Quizás Cortázar haya sido el que haya llegado más lejos en descubrir lo fantástico dentro de lo real. Y el poder del azar como generador de encuentros inesperados. En eso, se ve que se inspiró de los surrealistas, que hablaban del “azar objetivo”. En tiempos en que todo está mapeado virtualmente y el “Waze” nos impide perdernos, y en que es cada vez más difícil salirse de las rutas señaladas, recomiendo leer el comienzo de su novela “Rayuela”. Su protagonista, Oliveira, acude al Pont les Arts, en París, a esperar que aparezca la Maga, la mujer que le abrió otra dimensión de la realidad a este intelectual que se lo ha leído todo y que quiere controlarlo todo con la cabeza. Oliveira no se ha dado una cita con la Maga, pero va igual a esperarla. ¿Cómo?
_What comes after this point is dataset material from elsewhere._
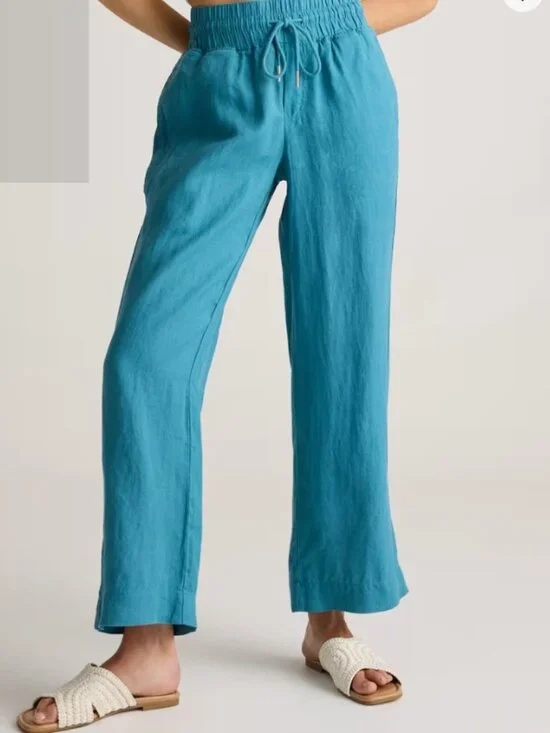 Quince 100% European Linen Wide Leg Pants Mineral Blue S NWT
Lo responde Cortázar (y si cerramos los ojos, nos parece escuchar su voz leyendo el comienzo de “Rayuela”, con sus “r mocha” y su respiración como resfriada):
“Y era tan natural cruzar la calle, subir los peldaños del puente, entrar en su delgada cintura y acercarme a la Maga que sonreía, convencida como yo de que un encuentro casual era lo menos casual en nuestras vidas, y que la gente que se da citas precisas es la misma que necesita papel rayado para escribirse o que aprieta desde abajo el tubo dentífrico”.
Juan Ramón Jiménez decía: “cuando os den pauteado, escribid por el otro lado”. Cortázar es de los que escribían a cada rato “por el otro lado”, el que arrancaba de las pautas y los pauteos, el que se entregaba a la improvisación en la vida. Por eso, le gustaba y sabía tanto de jazz. ¿Quién es la Maga? Una iniciadora al rico mundo de la intuición (ese instinto poético que tenemos todos los seres humanos y que puede muchas veces adelantarse a lo racional). Por algo Violeta Parra cantaba: “lo que ha podido el sentimiento/ no lo ha podido el saber/ ni el más claro proceder/ ni el más ancho pensamiento./ Todo lo cambia el momento/ cual mago condescendiente”. Ese “mago” o “maga” condescendiente es el azar. Hoy, que vivimos en plena era de la técnica y la planificación, y confiamos más en una inteligencia artificial que en las intuiciones del corazón humano, leer a Cortázar es volver a creer que la Maga y la magia de la vida nos pueden sorprender en cualquier esquina o puente de cualquier ciudad del mundo, sin que nos guíe un satélite, un algoritmo o un dron.